Latent Jamming – Martin Heinze

Latent Jamming is an improvisation practice with real-time capable neural audio models that embraces concepts of algorithmic and/ or generative composition techniques. It is one of my main practical research topics since 2023.

Motivation and background

Coming from a traditional electronic music background (Drum & Bass, Breaks, Electronica) where deterministically driven production routines in a technologically homogeneous setup are dominant, two main questions have been at the center of my practical research for the last years:

How can techniques of generative music and algorithmic composition be injected into electronic music genres that are deterministically driven? (see e.g. Fibonacci Jungle, Risset Rhythms)
How can generative AI be integrated into creative processes in electronic music production holistically, not only as another new tool out of many in existing production routines?

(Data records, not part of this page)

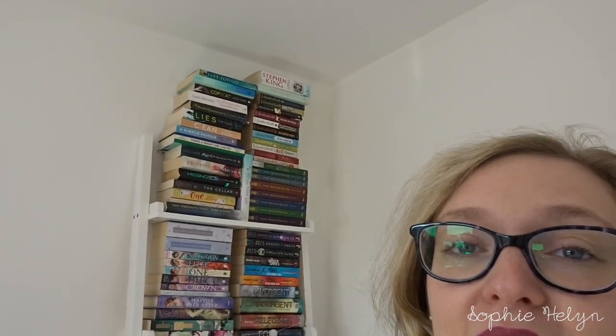Today's video is a book declutter. I did one towards the start of the year and I just need to do another one. They are nearly reaching the ceiling and I have a lot of books I need to read, so we need to sort this out.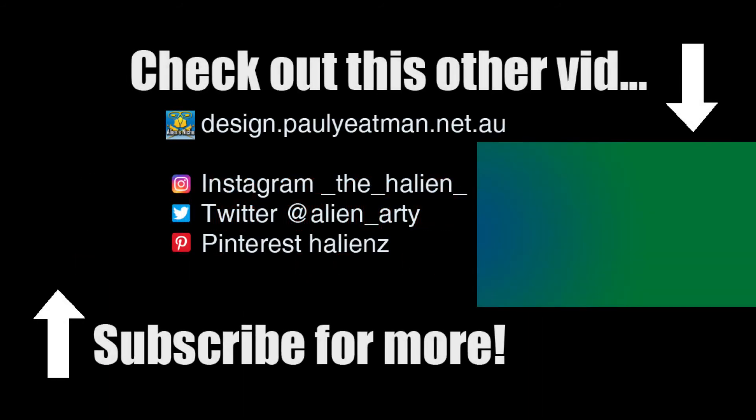Anywho, if you found this interesting, informative, entertaining, or you got ideas for your own sketchbook, or you were inspired to draw, subscribe, like and share. Until next time, you have been watching Drawing Stuff with me. All the best — ciao, take care, and happy drawing!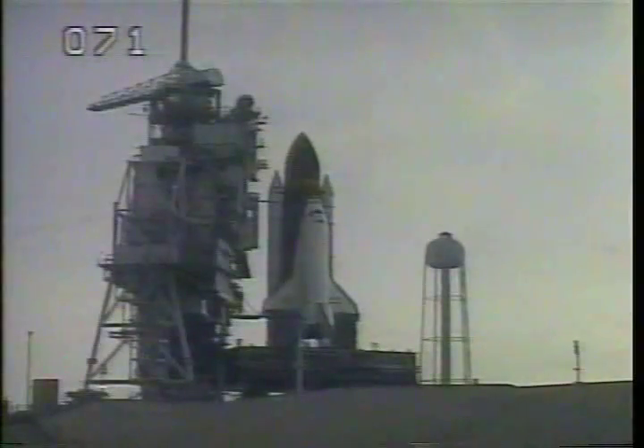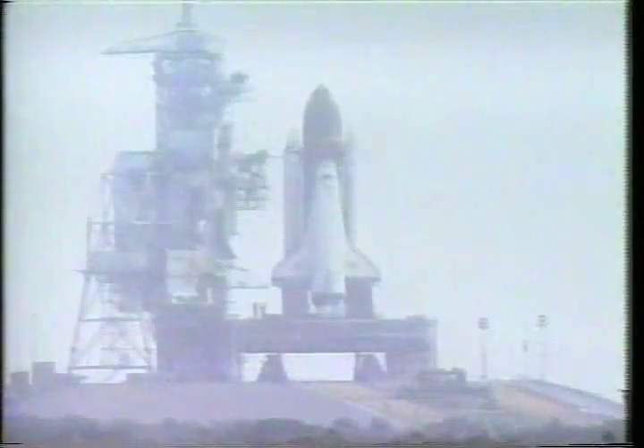T-minus 40 seconds. Coming up at the T-minus 31 second mark, we have a go for auto sequence start. VLS go for auto sequence start. Discovery's four redundant computers have primary control of critical vehicle functions for the remainder of the count. T-minus 20 seconds. Sound suppression water system now being released.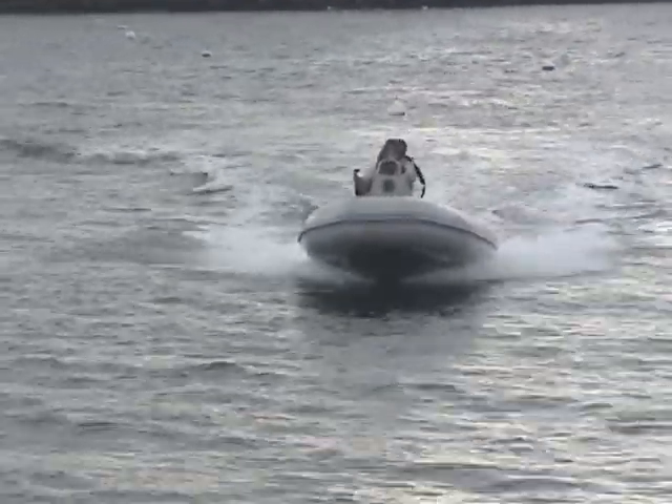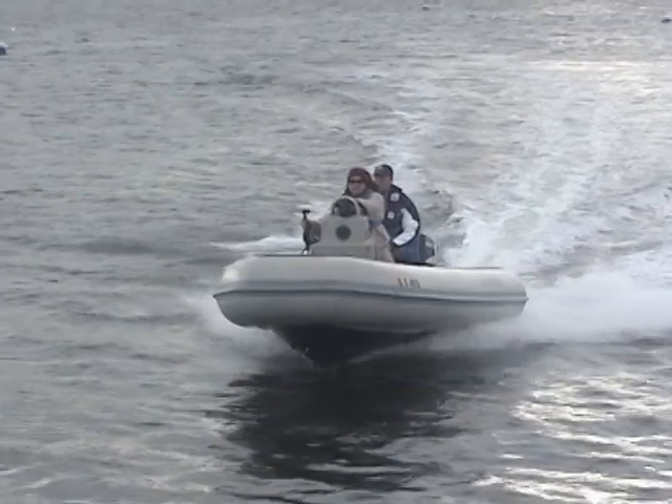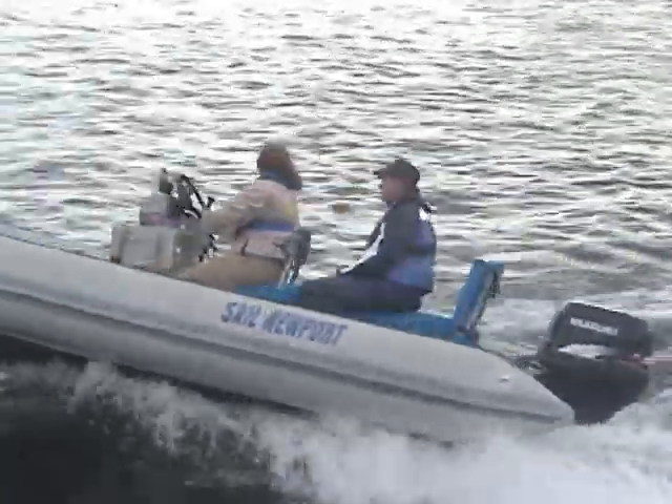As a boat rolls in a tight turn, it always slides sideways. There is a risk in some boats of the boat's weight coming over the transom.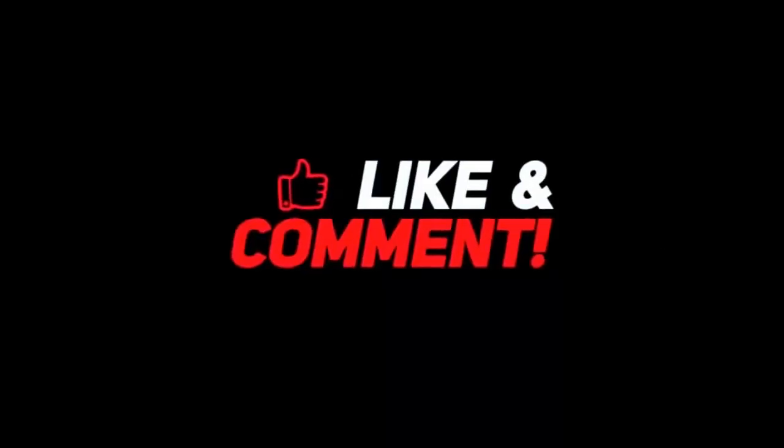Let me know your thoughts on these incredible gadgets in the comments section below. If you enjoyed this video, give it a thumbs up, subscribe to the channel for more awesome content, and have a fantastic day. Stay tuned for the next video, and I'll see you there.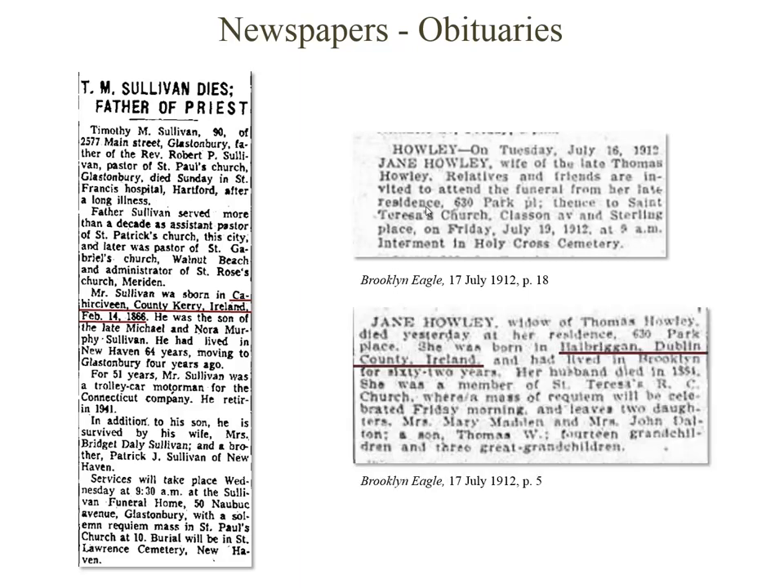Even check multiple pages within the same newspaper. In the Brooklyn Eagle of July 17, 1912, on page 18, the death notice doesn't give any indication of Jane Holly's origins. But on page 5 of that same newspaper, we find that she was born in Bell Brigham, County Dublin.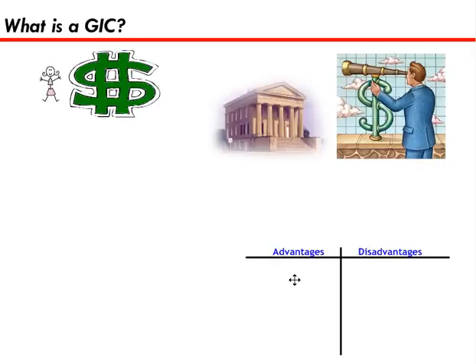Some advantages of a GIC are lower risk — there's typically lower risk than investing in the stock market, although you still can lose money. Predictable: in a typical GIC, you know exactly how long your money is locked up for, and you know exactly what the interest rate will be. It's pretty simple to set up a GIC at most banks — no need to be a stock market whiz. And it's affordable; you don't need a lot of money to get started with a GIC.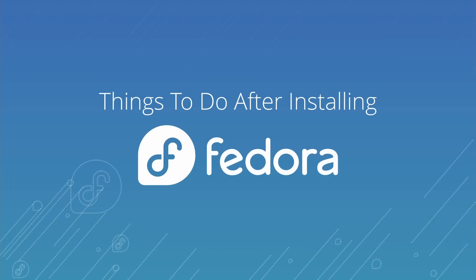Fedora Linux is a great distribution and Fedora 42 is a great release with a ton of cool features and improvements. If you installed it or are considering installing it, here are some tips to improve the experience and make it even better than it already is out of the box.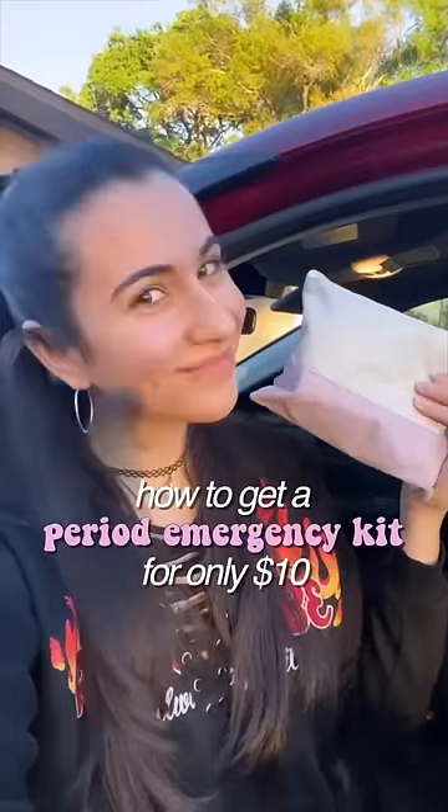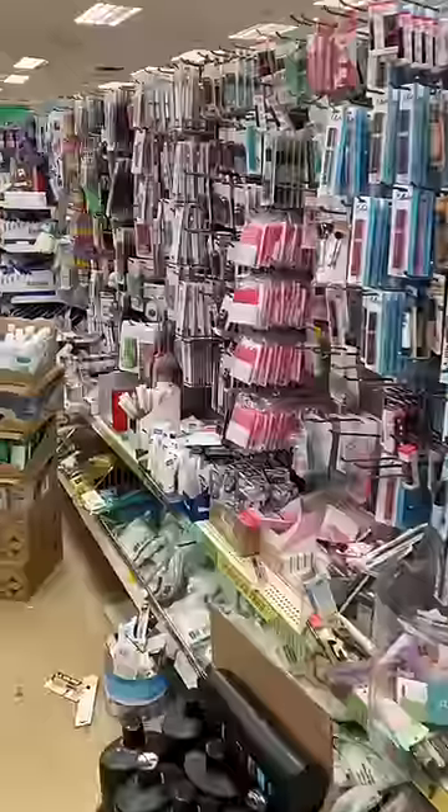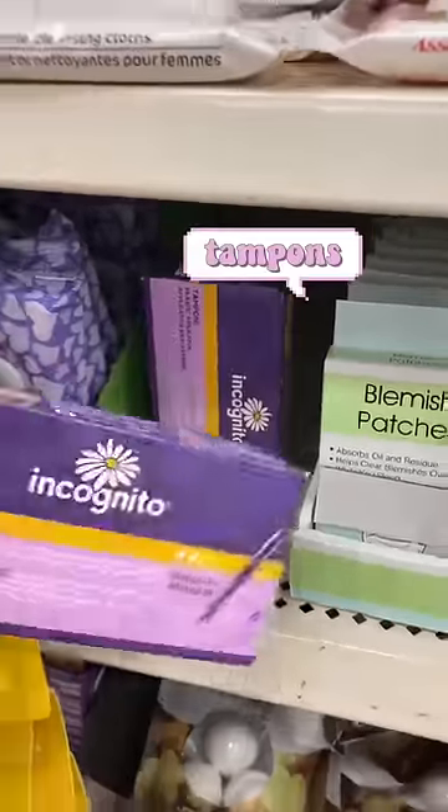How to get an emergency period kit for only ten dollars. First, you want to go to your nearest Dollar Tree and go down their health and beauty aisle where you'll find everything you need. First, we're going to grab some pads — these are actually name brand. They have name brand tampons too, but these are six for a dollar.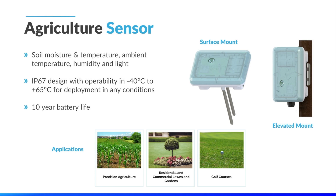This is an ideal device for precision agriculture, commercial or residential lawns, gardens, and even golf courses. The Tektalik agriculture sensor has become a leading device in the LoRaWAN ecosystem for smart farming, as it provides growers with valuable data that allows them to make smart decisions to increase their yields.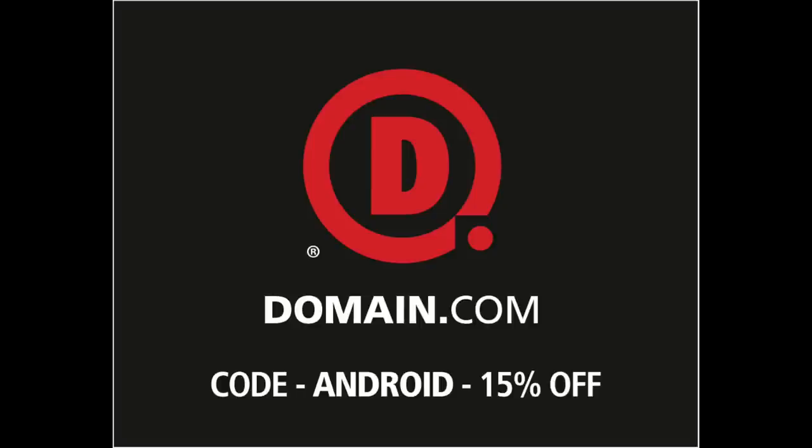This episode is brought to you by Domain.com. So you've got a budget of around 400 bucks, give or take, and you're thinking about getting the Nexus 5X. But is it worth it?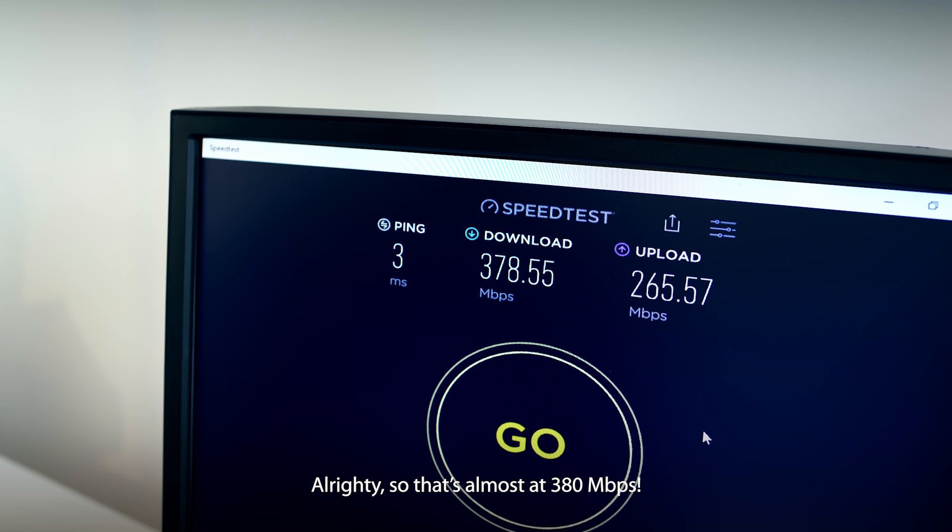All righty, so that's almost 380 Mbps. Quite good, right?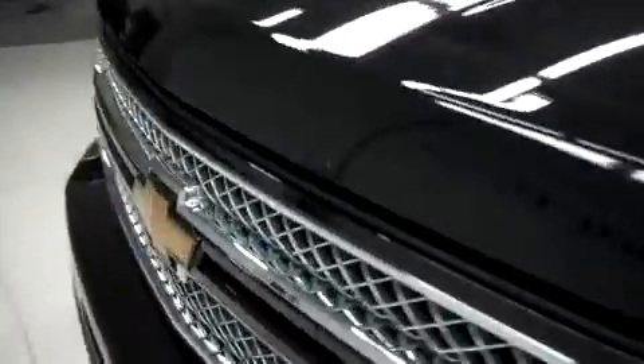Let's take a look under the hood. This Silverado 1500 is with the 5.3 liter Vortec motor.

To narrow in on answering these questions, in particular the second one, I train neural nets on the musical material I’ve written and produced in the past and work with the trained models in real-time settings. I apply compositional concepts from generative music and algorithmic composition as mediators between human performer and the generative abilities of the neural nets, displacing and circumventing concepts of authorship and genius by empowering multiple independent agents in an improvisation-driven, co-creative process that leads to musical output, but not necessarily to a fixed recording artifact.

Sharing agency

With this approach, I aim to amplify one key quality of neural audio models, which is their unexpected behaviour when generating output. This quality sets the models apart from a perception of conventional musical instruments, where control over the produced sound is usually the objective. My goal when making music powered by neural nets is to share the agency by finding the right equilibrium between establishing control and embracing the lack thereof.

Creative considerations

Using deep learning algorithms to interpret and extract key characteristics of particular audio data subsets, my creative intent is an expansion of these characteristics into something genuinely new.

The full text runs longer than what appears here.